Image-caption web data:
*** Begin section ***

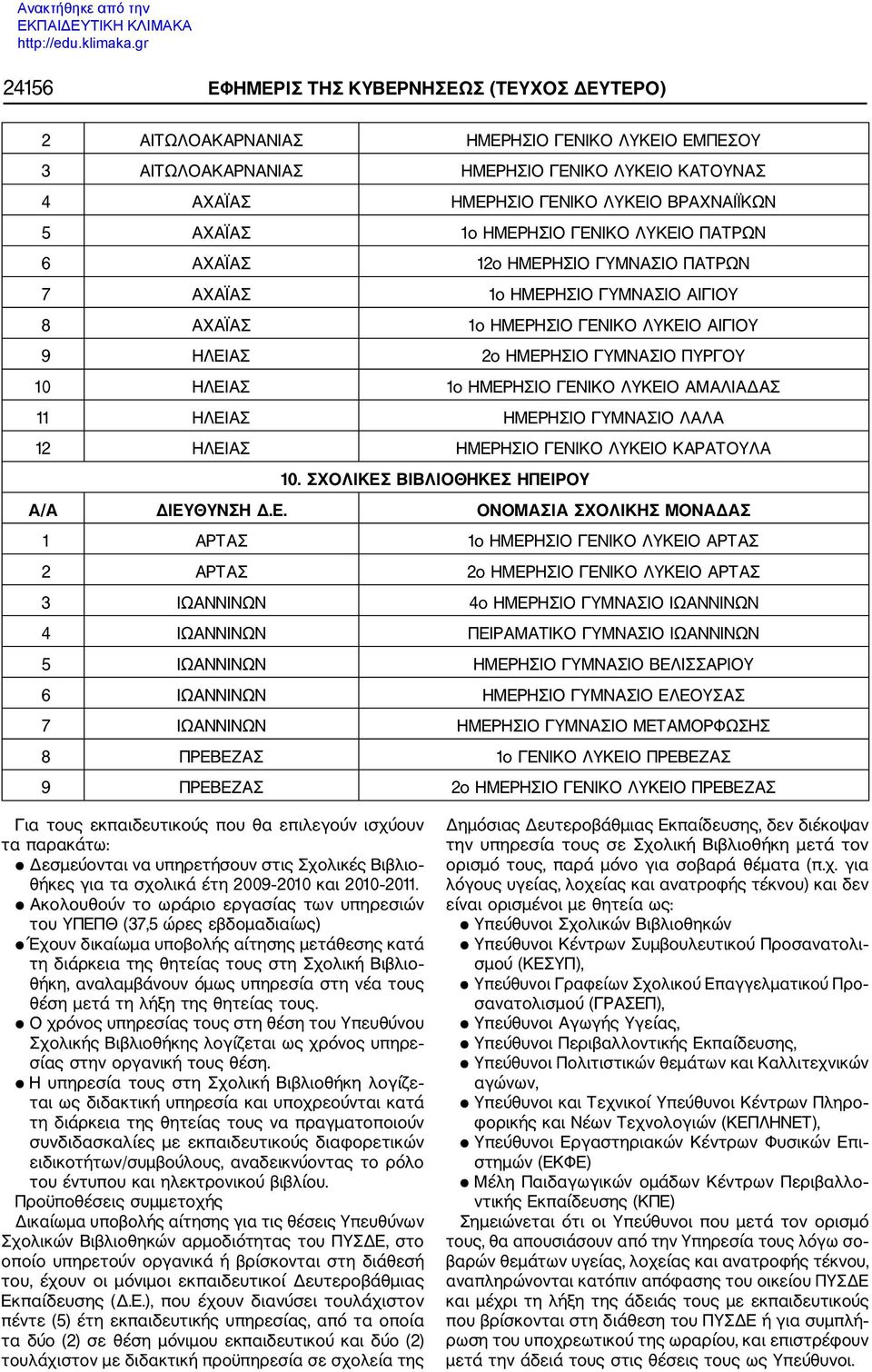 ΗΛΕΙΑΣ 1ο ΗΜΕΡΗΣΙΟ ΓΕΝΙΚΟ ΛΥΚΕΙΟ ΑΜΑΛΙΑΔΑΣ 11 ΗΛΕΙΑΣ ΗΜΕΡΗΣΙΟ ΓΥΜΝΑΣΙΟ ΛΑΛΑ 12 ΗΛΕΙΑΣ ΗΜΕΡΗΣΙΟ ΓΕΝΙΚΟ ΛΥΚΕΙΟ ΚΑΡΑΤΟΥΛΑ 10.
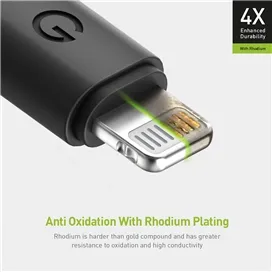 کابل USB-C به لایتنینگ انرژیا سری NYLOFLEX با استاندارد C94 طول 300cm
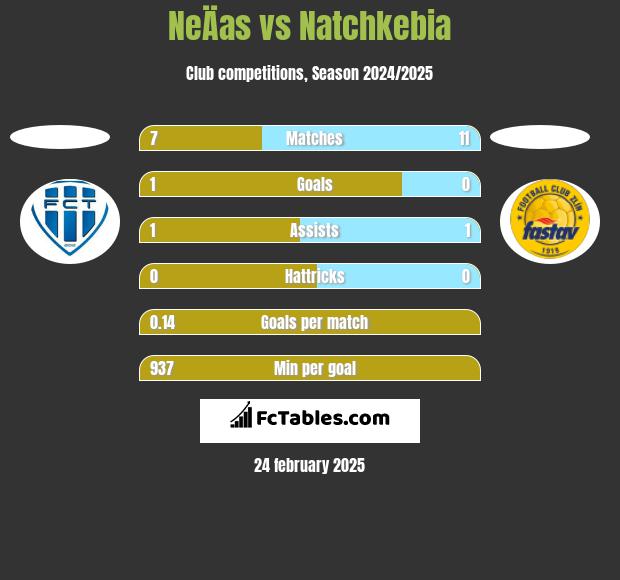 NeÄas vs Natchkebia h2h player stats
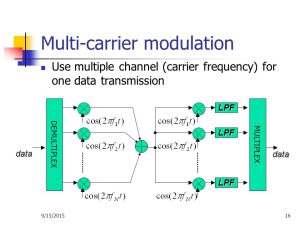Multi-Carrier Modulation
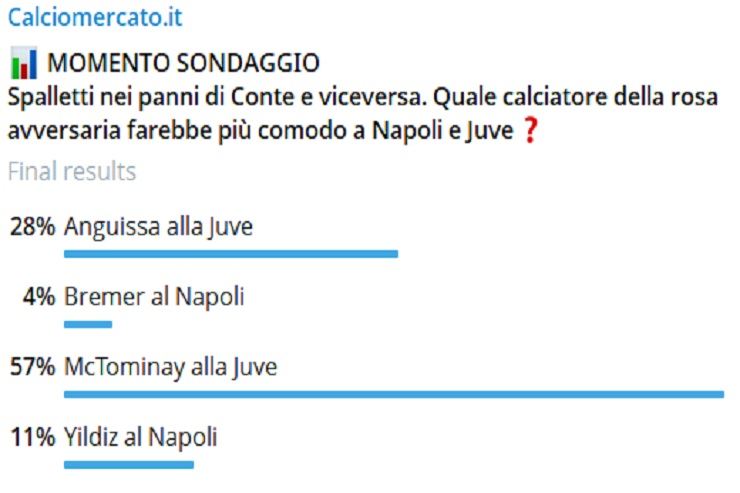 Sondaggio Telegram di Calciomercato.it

*** End section ***

What to work on: The records above must be printed exactly, but the pictures they hold should be omitted.

Exercise answer:
 ΗΛΕΙΑΣ 1ο ΗΜΕΡΗΣΙΟ ΓΕΝΙΚΟ ΛΥΚΕΙΟ ΑΜΑΛΙΑΔΑΣ 11 ΗΛΕΙΑΣ ΗΜΕΡΗΣΙΟ ΓΥΜΝΑΣΙΟ ΛΑΛΑ 12 ΗΛΕΙΑΣ ΗΜΕΡΗΣΙΟ ΓΕΝΙΚΟ ΛΥΚΕΙΟ ΚΑΡΑΤΟΥΛΑ 10.
 کابل USB-C به لایتنینگ انرژیا سری NYLOFLEX با استاندارد C94 طول 300cm
 NeÄas vs Natchkebia h2h player stats
Multi-Carrier Modulation
 Sondaggio Telegram di Calciomercato.it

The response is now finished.